About this task
Please give the data again exactly, with no line dropped.

Data shown
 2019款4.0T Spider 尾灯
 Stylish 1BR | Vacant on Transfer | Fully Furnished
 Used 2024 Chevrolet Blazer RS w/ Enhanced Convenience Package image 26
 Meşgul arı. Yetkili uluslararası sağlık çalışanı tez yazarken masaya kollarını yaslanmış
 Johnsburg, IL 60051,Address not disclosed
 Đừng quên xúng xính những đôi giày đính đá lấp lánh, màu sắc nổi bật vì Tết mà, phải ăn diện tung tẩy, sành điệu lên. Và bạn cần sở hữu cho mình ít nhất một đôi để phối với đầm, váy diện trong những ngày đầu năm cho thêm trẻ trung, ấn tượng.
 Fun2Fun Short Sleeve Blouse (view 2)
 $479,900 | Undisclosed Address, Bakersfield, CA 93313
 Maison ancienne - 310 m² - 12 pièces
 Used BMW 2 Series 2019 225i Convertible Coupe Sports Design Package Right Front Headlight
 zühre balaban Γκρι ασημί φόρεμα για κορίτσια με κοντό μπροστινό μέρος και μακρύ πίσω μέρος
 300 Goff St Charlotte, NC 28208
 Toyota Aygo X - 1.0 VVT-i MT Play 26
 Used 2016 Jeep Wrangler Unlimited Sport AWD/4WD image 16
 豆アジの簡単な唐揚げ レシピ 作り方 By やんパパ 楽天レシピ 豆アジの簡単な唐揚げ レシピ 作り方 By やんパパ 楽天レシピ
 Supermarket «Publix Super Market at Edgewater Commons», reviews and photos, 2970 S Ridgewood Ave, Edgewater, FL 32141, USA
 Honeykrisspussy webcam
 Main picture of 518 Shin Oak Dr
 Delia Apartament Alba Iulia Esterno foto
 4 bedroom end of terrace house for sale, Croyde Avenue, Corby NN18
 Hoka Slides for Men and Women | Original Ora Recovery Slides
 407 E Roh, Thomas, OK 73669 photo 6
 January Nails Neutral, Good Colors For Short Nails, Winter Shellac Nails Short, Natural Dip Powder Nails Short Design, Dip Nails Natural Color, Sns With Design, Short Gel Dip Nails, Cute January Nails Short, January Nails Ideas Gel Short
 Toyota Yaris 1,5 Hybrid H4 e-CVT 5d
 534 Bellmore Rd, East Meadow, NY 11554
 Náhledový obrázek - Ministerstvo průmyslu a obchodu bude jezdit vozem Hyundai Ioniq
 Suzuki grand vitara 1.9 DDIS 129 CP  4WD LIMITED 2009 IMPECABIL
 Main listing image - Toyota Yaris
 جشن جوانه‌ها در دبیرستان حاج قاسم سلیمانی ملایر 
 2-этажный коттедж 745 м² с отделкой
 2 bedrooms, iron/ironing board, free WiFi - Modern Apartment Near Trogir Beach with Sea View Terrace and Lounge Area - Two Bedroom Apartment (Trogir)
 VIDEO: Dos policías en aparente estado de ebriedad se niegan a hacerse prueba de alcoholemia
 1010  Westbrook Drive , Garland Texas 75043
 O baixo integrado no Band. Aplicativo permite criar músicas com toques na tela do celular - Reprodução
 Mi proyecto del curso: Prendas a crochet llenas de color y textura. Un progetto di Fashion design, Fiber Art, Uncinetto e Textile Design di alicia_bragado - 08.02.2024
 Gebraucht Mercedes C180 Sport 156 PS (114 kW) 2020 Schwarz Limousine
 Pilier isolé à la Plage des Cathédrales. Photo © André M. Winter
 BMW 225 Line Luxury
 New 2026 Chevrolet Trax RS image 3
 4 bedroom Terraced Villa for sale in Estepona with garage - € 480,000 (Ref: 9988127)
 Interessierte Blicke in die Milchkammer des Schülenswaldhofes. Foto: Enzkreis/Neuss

Problem solution
 2019款4.0T Spider 尾灯
 Stylish 1BR | Vacant on Transfer | Fully Furnished
 Used 2024 Chevrolet Blazer RS w/ Enhanced Convenience Package image 26
 Meşgul arı. Yetkili uluslararası sağlık çalışanı tez yazarken masaya kollarını yaslanmış
 Johnsburg, IL 60051,Address not disclosed
 Đừng quên xúng xính những đôi giày đính đá lấp lánh, màu sắc nổi bật vì Tết mà, phải ăn diện tung tẩy, sành điệu lên. Và bạn cần sở hữu cho mình ít nhất một đôi để phối với đầm, váy diện trong những ngày đầu năm cho thêm trẻ trung, ấn tượng.
 Fun2Fun Short Sleeve Blouse (view 2)
 $479,900 | Undisclosed Address, Bakersfield, CA 93313
 Maison ancienne - 310 m² - 12 pièces
 Used BMW 2 Series 2019 225i Convertible Coupe Sports Design Package Right Front Headlight
 zühre balaban Γκρι ασημί φόρεμα για κορίτσια με κοντό μπροστινό μέρος και μακρύ πίσω μέρος
 300 Goff St Charlotte, NC 28208
 Toyota Aygo X - 1.0 VVT-i MT Play 26
 Used 2016 Jeep Wrangler Unlimited Sport AWD/4WD image 16
 豆アジの簡単な唐揚げ レシピ 作り方 By やんパパ 楽天レシピ 豆アジの簡単な唐揚げ レシピ 作り方 By やんパパ 楽天レシピ
 Supermarket «Publix Super Market at Edgewater Commons», reviews and photos, 2970 S Ridgewood Ave, Edgewater, FL 32141, USA
 Honeykrisspussy webcam
 Main picture of 518 Shin Oak Dr
 Delia Apartament Alba Iulia Esterno foto
 4 bedroom end of terrace house for sale, Croyde Avenue, Corby NN18
 Hoka Slides for Men and Women | Original Ora Recovery Slides
 407 E Roh, Thomas, OK 73669 photo 6
 January Nails Neutral, Good Colors For Short Nails, Winter Shellac Nails Short, Natural Dip Powder Nails Short Design, Dip Nails Natural Color, Sns With Design, Short Gel Dip Nails, Cute January Nails Short, January Nails Ideas Gel Short
 Toyota Yaris 1,5 Hybrid H4 e-CVT 5d
 534 Bellmore Rd, East Meadow, NY 11554
 Náhledový obrázek - Ministerstvo průmyslu a obchodu bude jezdit vozem Hyundai Ioniq
 Suzuki grand vitara 1.9 DDIS 129 CP  4WD LIMITED 2009 IMPECABIL
 Main listing image - Toyota Yaris
 جشن جوانه‌ها در دبیرستان حاج قاسم سلیمانی ملایر 
 2-этажный коттедж 745 м² с отделкой
 2 bedrooms, iron/ironing board, free WiFi - Modern Apartment Near Trogir Beach with Sea View Terrace and Lounge Area - Two Bedroom Apartment (Trogir)
 VIDEO: Dos policías en aparente estado de ebriedad se niegan a hacerse prueba de alcoholemia
 1010  Westbrook Drive , Garland Texas 75043
 O baixo integrado no Band. Aplicativo permite criar músicas com toques na tela do celular - Reprodução
 Mi proyecto del curso: Prendas a crochet llenas de color y textura. Un progetto di Fashion design, Fiber Art, Uncinetto e Textile Design di alicia_bragado - 08.02.2024
 Gebraucht Mercedes C180 Sport 156 PS (114 kW) 2020 Schwarz Limousine
 Pilier isolé à la Plage des Cathédrales. Photo © André M. Winter
 BMW 225 Line Luxury
 New 2026 Chevrolet Trax RS image 3
 4 bedroom Terraced Villa for sale in Estepona with garage - € 480,000 (Ref: 9988127)
 Interessierte Blicke in die Milchkammer des Schülenswaldhofes. Foto: Enzkreis/Neuss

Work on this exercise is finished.